Re: segmentation fault when cassert enabled

From: Jehan-Guillaume de Rorthais <jgdr(at)dalibo(dot)com>
To: Tom Lane <tgl(at)sss(dot)pgh(dot)pa(dot)us>
Cc: pgsql-hackers(at)lists(dot)postgresql(dot)org, <peter(dot)eisentraut(at)2ndquadrant(dot)com>
Subject: Re: segmentation fault when cassert enabled
Date: 2019-11-05 16:29:18
Message-ID: 20191105172918.3e32a446@firost
Views: Raw Message | Whole Thread | Download mbox | Resend email
Thread:
Lists: pgsql-hackers

On Fri, 25 Oct 2019 12:28:38 -0400
Tom Lane <tgl(at)sss(dot)pgh(dot)pa(dot)us> wrote:

> Jehan-Guillaume de Rorthais <jgdr(at)dalibo(dot)com> writes:
> > When investigating for the bug reported in thread "logical replication -
> > negative bitmapset member not allowed", I found a way to seg fault
> > postgresql only when cassert is enabled.
> > ...
> > I hadn't time to digg further yet.
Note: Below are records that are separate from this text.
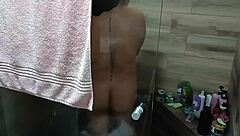 llego a casa de mi tia y la descubro bañandose se masturba y casi me descubre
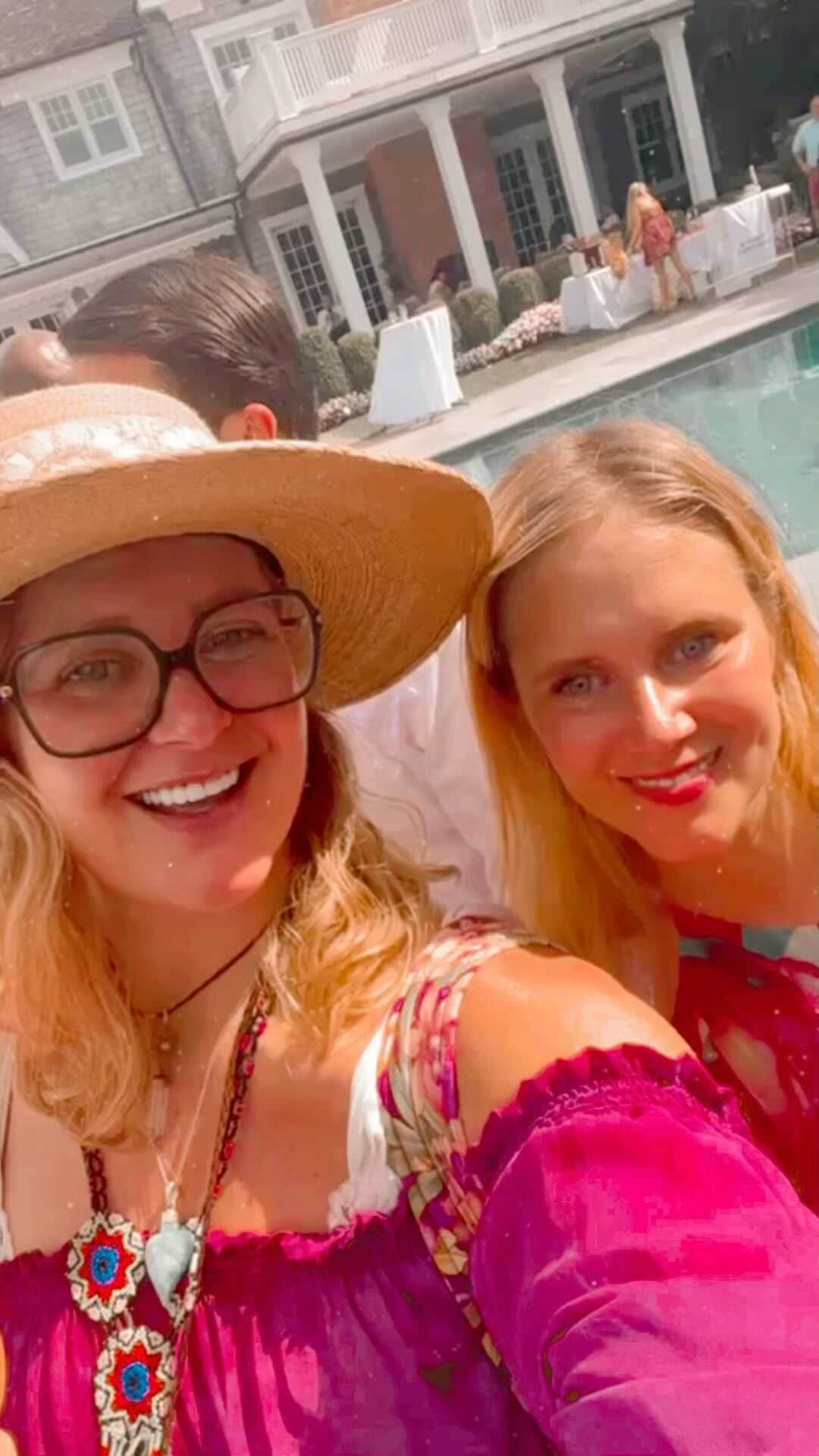 チップ＆ペッパーのインスタグラム：「Hamptons Lunch & Luxury Escape at Libbie Mugrabi's Private Estate @blisserofficial #1640society #impactwealthmanagement #hamptons #socialimpact #combatclimatechange」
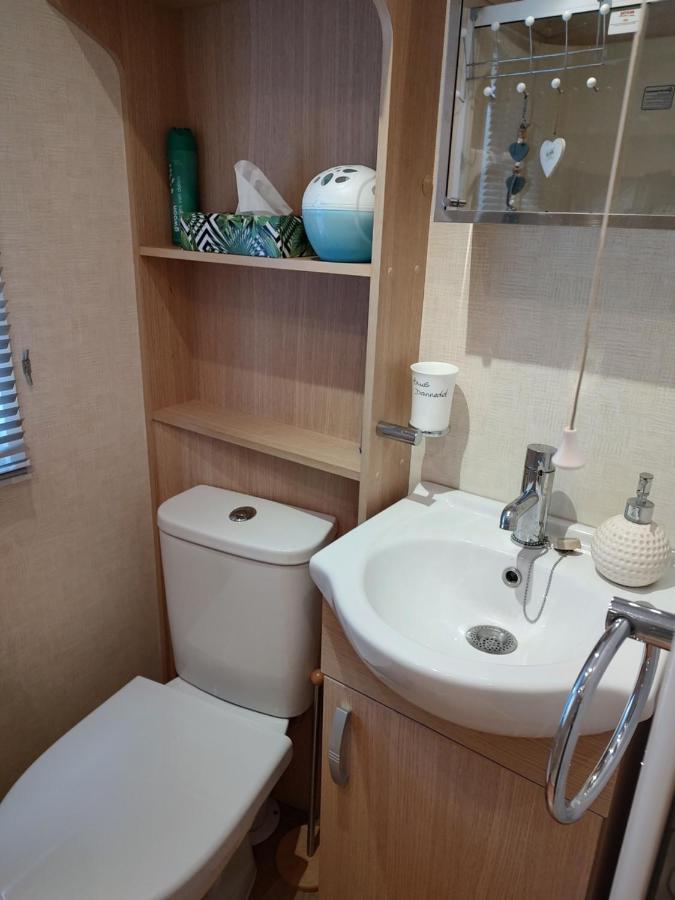 Chalet Met Veranda Aan Bosrand Vledder Екстер'єр фото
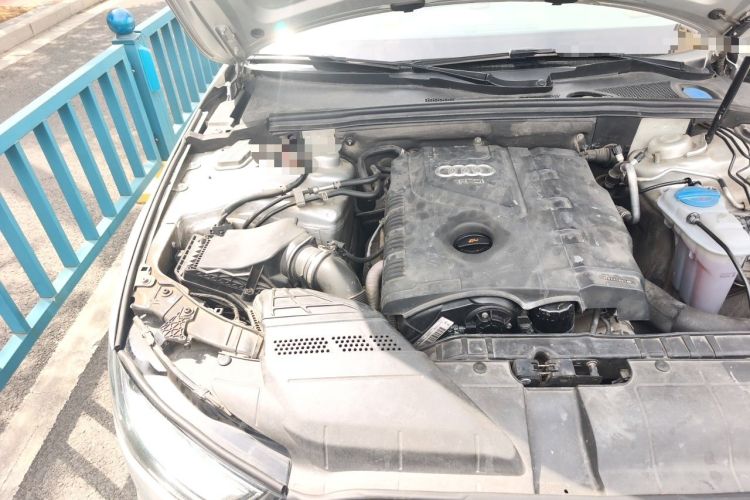 Used Audi A4L 2013 35 TFSI Automatic Comfort Model Engine Bay Right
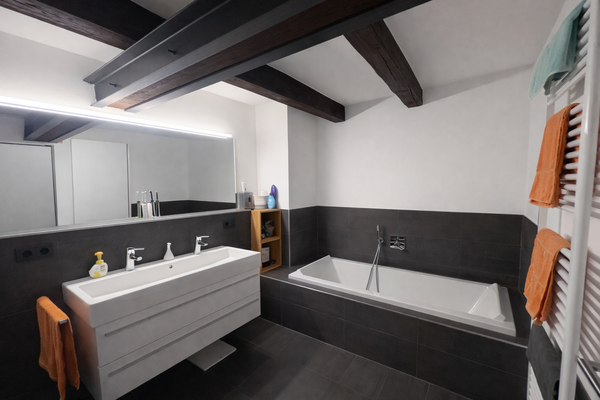 Badezimmer mit Badewanne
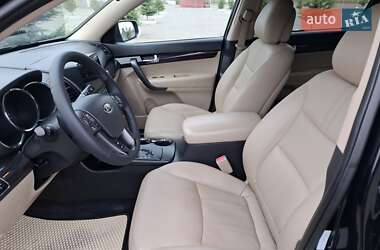Внедорожник / Кроссовер Kia Sorento 2013 в 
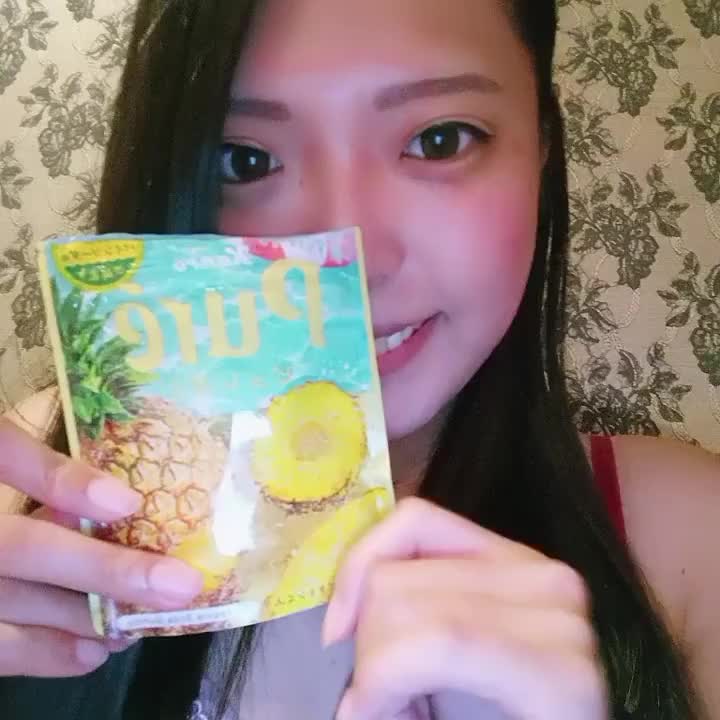 大好きなパナイップル味♡グミ食べるとおっぱい大きくなるんだってー！大きくしたいなぁ…(笑)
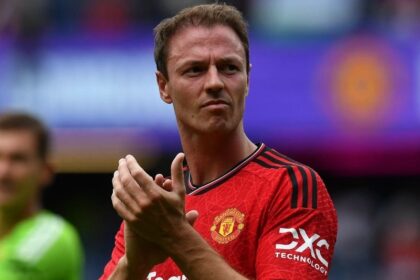 hau-ve-jonny-evans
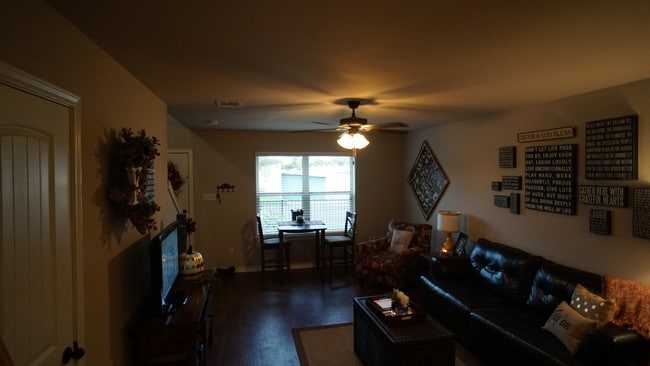 Building Photo - Watson Lane Townhomes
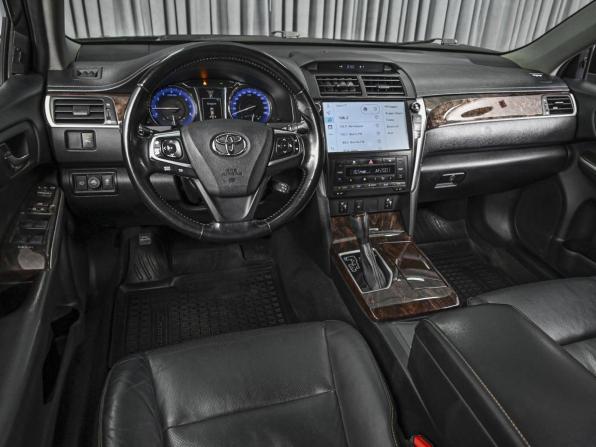 Toyota Camry VII (XV50) Рестайлинг 2 с пробегом 2018 года, цена 2 120 000 рублей, 290329 км, седан, Автокод Объявления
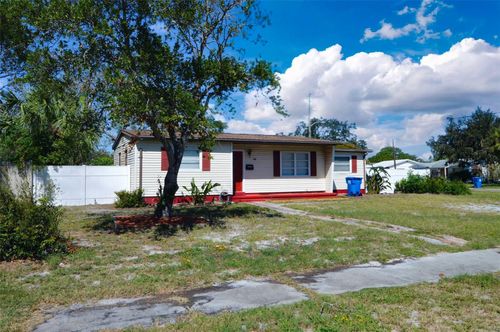 146 Orange Ave N, ST PETERSBURG, FL, 33710-8313 | Card Image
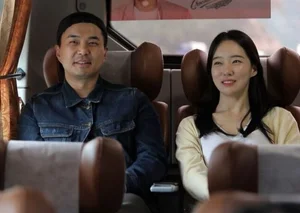 Korean Actress Kim Yu-ji's Romantic Valentine's Day Wedding: Elegant Bridal Style and Celebrity Marriage News-6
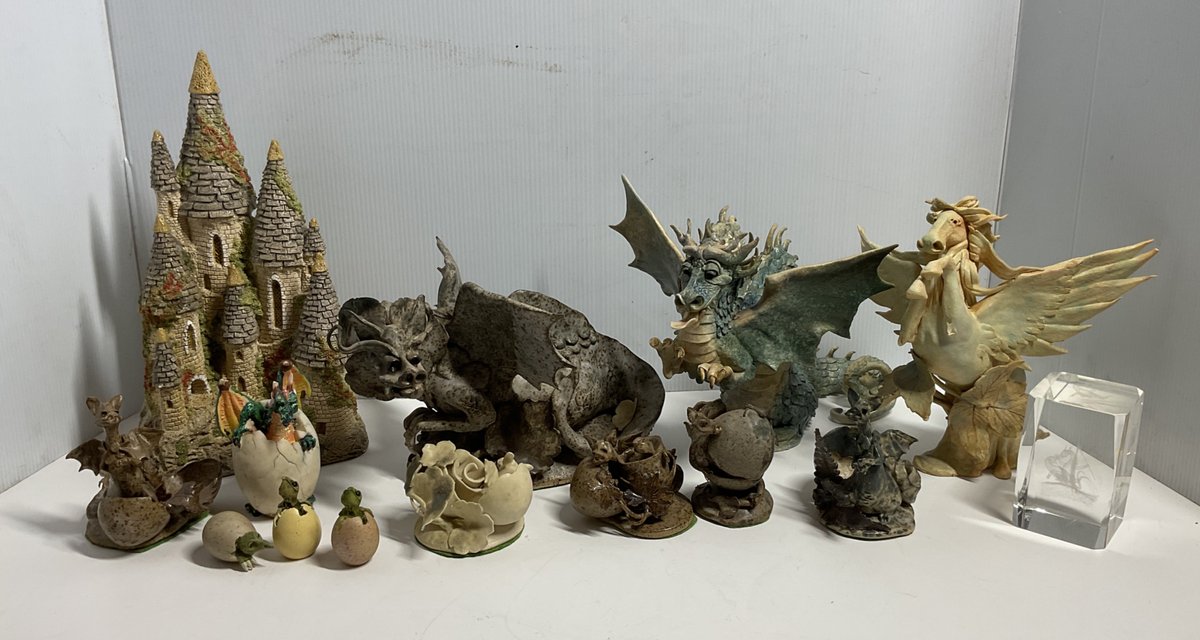 David Winter Castle and Fantasy Figurine Collection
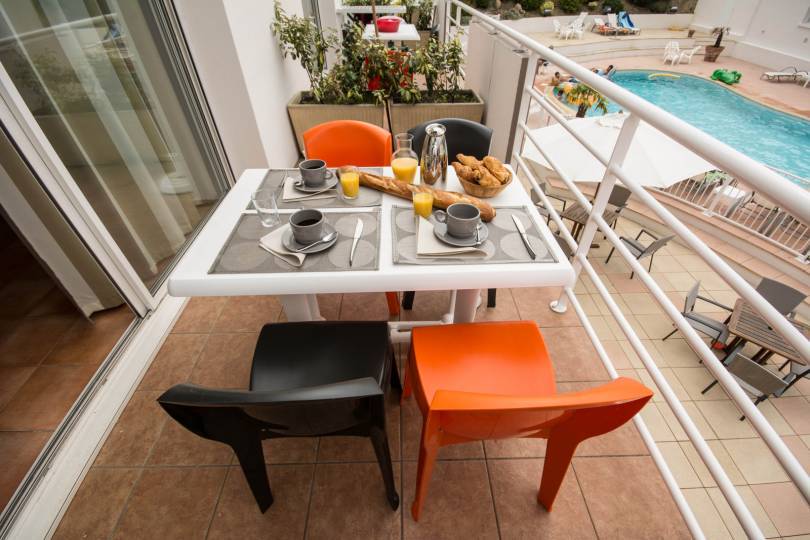 Petit déjeuner sur balcon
However, I don't understand why this
> > crash is triggered when cassert is enabled.
>
> Most likely, it's not so much assertions that provoke the crash as
> CLOBBER_FREED_MEMORY, ie the actual problem here is use of already-freed
> memory.

Thank you. Indeed, enabling CLOBBER_FREED_MEMORY on its own is enough to
trigger the segfault.

In fact, valgrind detect it as an uninitialised value, no matter
CLOBBER_FREED_MEMORY is defined or not:

Conditional jump or move depends on uninitialised value(s)
at 0x43F410: slot_modify_cstrings (worker.c:398)
by 0x43FBE9: apply_handle_update (worker.c:744)
by 0x440088: apply_dispatch (worker.c:968)
by 0x4405D7: LogicalRepApplyLoop (worker.c:1175)
by 0x440CD0: ApplyWorkerMain (worker.c:1733)
by 0x411C34: StartBackgroundWorker (bgworker.c:834)
by 0x41EA24: do_start_bgworker (postmaster.c:5763)
by 0x41EB6F: maybe_start_bgworkers (postmaster.c:5976)
by 0x41F562: sigusr1_handler (postmaster.c:5161)
by 0x48A072F: ??? (in /lib/x86_64-linux-gnu/libpthread-2.28.so)
by 0x4B31FF6: select (select.c:41)
by 0x41FDDE: ServerLoop (postmaster.c:1668)
Uninitialised value was created by a heap allocation
at 0x5C579B: palloc (mcxt.c:949)
by 0x437116: logicalrep_rel_open (relation.c:270)
by 0x43FA8F: apply_handle_update (worker.c:684)
by 0x440088: apply_dispatch (worker.c:968)
by 0x4405D7: LogicalRepApplyLoop (worker.c:1175)
by 0x440CD0: ApplyWorkerMain (worker.c:1733)
by 0x411C34: StartBackgroundWorker (bgworker.c:834)
by 0x41EA24: do_start_bgworker (postmaster.c:5763)
by 0x41EB6F: maybe_start_bgworkers (postmaster.c:5976)
by 0x41F562: sigusr1_handler (postmaster.c:5161)
by 0x48A072F: ??? (in /lib/x86_64-linux-gnu/libpthread-2.28.so)
by 0x4B31FF6: select (select.c:41)

My best bet so far is that logicalrep_relmap_invalidate_cb is not called after
the DDL on the subscriber so the relmap cache is not invalidated. So we end up
with slot->tts_tupleDescriptor->natts superior than rel->remoterel->natts in
slot_store_cstrings, leading to the overflow on attrmap and the sigsev.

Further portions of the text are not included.